ST. GEORGE, Utah (AP) — A Utah judge has awarded an exiled member of Warren Jeffs' polygamous sect sole custody of children who were being raised by his wives who remain members of the religion.
Judge James Shumate granted Lorin Holm custody because it is more likely that Holm will allow his wives to visit the children, and less likely that the wives would have allowed Holm into their residence if they had custody, the Spectrum of St. George reported Thursday.
During the two-day trial, one of Holm's wives, Lynda Peine, testified that she still follows Jeffs and the "Laws of God." During testimony from a woman who told the court about being sexually assaulted by Jeffs when she was 14, Peine put her fingers in her ears.
Jeffs is serving a life prison sentence for sexually assaulting underage girls he considered brides.
Peine is one of Lorin Holm's two wives who remain members of the Fundamentalist Church of Jesus Christ of Latter-Day Saints on the Utah-Arizona border. They don't want Holm to be allowed near the children because they consider him to be a bad influence since he was exiled from the sect.
Holm sued to get sole custody of the children in 2011 after he was kicked out of the sect earlier that year for being deemed unfaithful. He had three wives and more than a dozen children.

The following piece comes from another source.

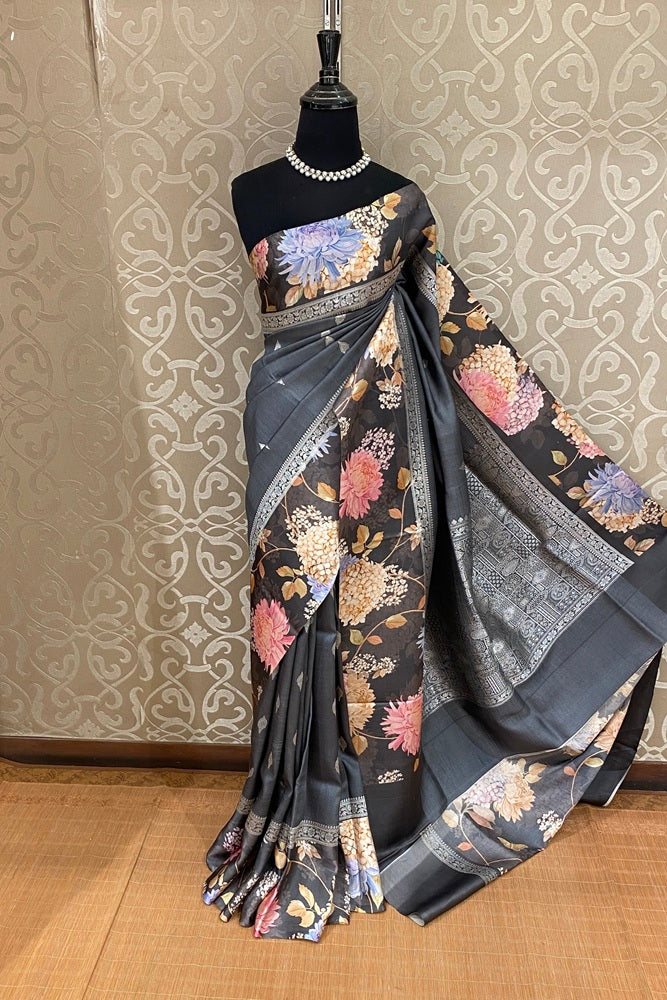 Black Tussar Banarasi Silk Saree With Digital Printed Border, With Unstich Blouse Piece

Today, he lives with his first wife, who also left the church.
Holm argues that his children could be sexually abused, forced into child labor or kicked out of the church while being raised by Lynda Peine and Patricia Peine.

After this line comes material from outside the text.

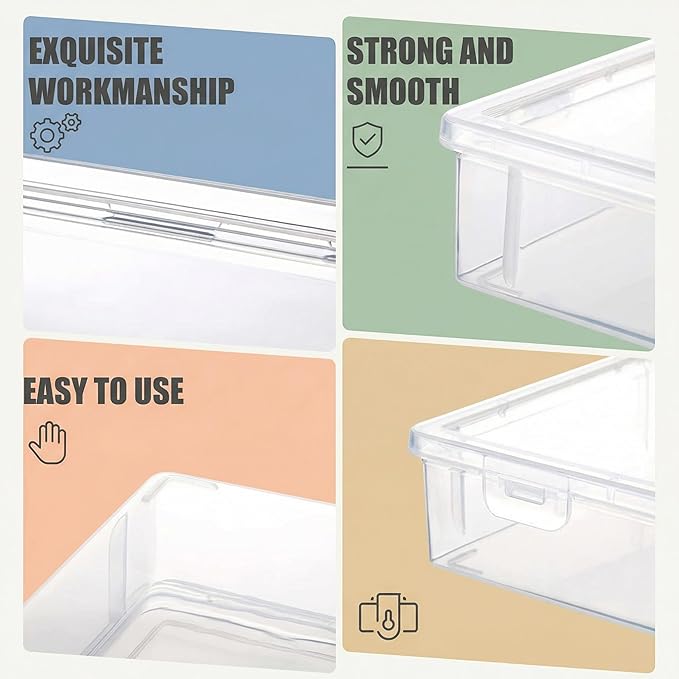 Qunclay 6 Pcs 13'' X 9'' X 2'' Plastic Storage Box with Lid Multipurpose Craft Organizers Plastic Containers Clear Pencil Case Art Satchel Storage Case for Beads Ornaments Crafts Accessories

Many of the estimated 7,500 people living in Colorado City, Ariz., and Hildale, Utah, are still followers of Jeffs, who followers believe is a prophet.
Jeffs' Fundamentalist Church of Jesus Christ of Latter-Day Saints is a radical offshoot of mainstream Mormonism whose members believe polygamy brings exaltation in heaven.
The practice of polygamy is a legacy of the early teachings of The Church of Jesus Christ of Latter-day Saints, but the mainstream church and its 15 million members worldwide abandoned polygamy in 1890 and strictly prohibit it today.
Rodney Parker, Peine's attorney, said he didn't know if the custody case would be appealed.